General Holt, in 1883, on affirming in the text of his article that “Messrs. Seward and Stanton declared the truth to Judge Bingham,” adds the following explanatory note:
“This praise was certainly due to Mr. Seward, but not, in strictness, to Mr. Stanton, since on making the communication to Judge Bingham, he endeavored and successfully, to prevent him from giving it publicity.
“The fear of Andrew Johnson’s resentment, added to a determination on his part to leave my reputation—then under fire from his silence—to its fate, sufficiently explain his otherwise inexplicable conduct.”
But does it? Is this in truth a sufficient explanation?
Stanton, the stern War Minister, fear the resentment of Andrew Johnson! When was he taken with it?

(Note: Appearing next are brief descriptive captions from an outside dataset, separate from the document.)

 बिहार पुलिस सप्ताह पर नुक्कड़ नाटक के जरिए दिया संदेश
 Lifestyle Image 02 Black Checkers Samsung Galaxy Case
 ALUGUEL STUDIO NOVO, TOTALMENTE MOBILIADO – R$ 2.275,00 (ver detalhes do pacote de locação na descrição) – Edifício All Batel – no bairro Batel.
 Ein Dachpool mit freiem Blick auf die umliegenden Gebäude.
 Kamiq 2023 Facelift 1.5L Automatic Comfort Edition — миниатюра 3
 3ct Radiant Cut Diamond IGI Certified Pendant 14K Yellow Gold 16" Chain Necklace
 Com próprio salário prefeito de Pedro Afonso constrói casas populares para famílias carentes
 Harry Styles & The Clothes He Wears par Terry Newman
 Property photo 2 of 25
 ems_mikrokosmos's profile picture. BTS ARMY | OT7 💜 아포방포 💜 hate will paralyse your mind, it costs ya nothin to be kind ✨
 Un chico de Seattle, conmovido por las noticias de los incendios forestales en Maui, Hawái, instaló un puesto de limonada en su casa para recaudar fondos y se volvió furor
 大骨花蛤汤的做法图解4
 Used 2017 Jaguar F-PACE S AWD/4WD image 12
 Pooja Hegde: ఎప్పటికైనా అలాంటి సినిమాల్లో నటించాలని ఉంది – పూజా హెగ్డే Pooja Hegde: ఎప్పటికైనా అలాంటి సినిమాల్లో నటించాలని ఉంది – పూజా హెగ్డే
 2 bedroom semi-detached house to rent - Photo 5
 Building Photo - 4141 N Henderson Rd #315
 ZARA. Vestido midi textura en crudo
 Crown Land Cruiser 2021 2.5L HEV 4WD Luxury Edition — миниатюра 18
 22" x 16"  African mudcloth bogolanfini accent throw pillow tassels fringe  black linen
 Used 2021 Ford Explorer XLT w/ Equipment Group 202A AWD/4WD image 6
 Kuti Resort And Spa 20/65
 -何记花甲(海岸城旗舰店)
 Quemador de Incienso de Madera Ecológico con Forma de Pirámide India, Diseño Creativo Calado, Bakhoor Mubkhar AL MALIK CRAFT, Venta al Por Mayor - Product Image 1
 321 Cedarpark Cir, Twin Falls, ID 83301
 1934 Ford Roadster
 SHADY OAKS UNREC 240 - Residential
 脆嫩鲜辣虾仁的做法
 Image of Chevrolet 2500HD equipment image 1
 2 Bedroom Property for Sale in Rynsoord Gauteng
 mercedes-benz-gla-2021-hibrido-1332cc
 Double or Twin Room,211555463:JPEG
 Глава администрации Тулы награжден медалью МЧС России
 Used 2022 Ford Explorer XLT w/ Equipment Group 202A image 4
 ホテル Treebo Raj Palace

When he bearded the President in his Cabinet? When he defied him in the War Department, and scattered his missive of removal to the winds? Or did he wait to begin to fear him until the President retired to private life, just escaping conviction by impeachment, and shorn of all popularity North or South? The preposterous nature of the cause assigned casts suspicion upon the assignor himself. As to the second cause, we are at a loss to conceive why Mr. Stanton should harbor such motiveless malignity against the reputation of his former colleague, then his pliant subordinate, and always his friend. We need, in this regard, an explanation of the explanation. If it be true, it settles the character of Stanton for all time.
But, it appears, in the words of General Holt, that “while he (Stanton) lived, this enforced silence was scrupulously obeyed.” Again we ask why?
Why should Bingham have obeyed the “advice,” even if given by Stanton so long before? Why should the associate of Holt, in the prosecution and execution of Mrs. Surratt, have ministered to the malignity of Stanton, scrupulously obeyed his base injunction, and never even told his beloved fellow-laborer on the field of courts-martial, that he possessed such secret sacred testimonials in his favor?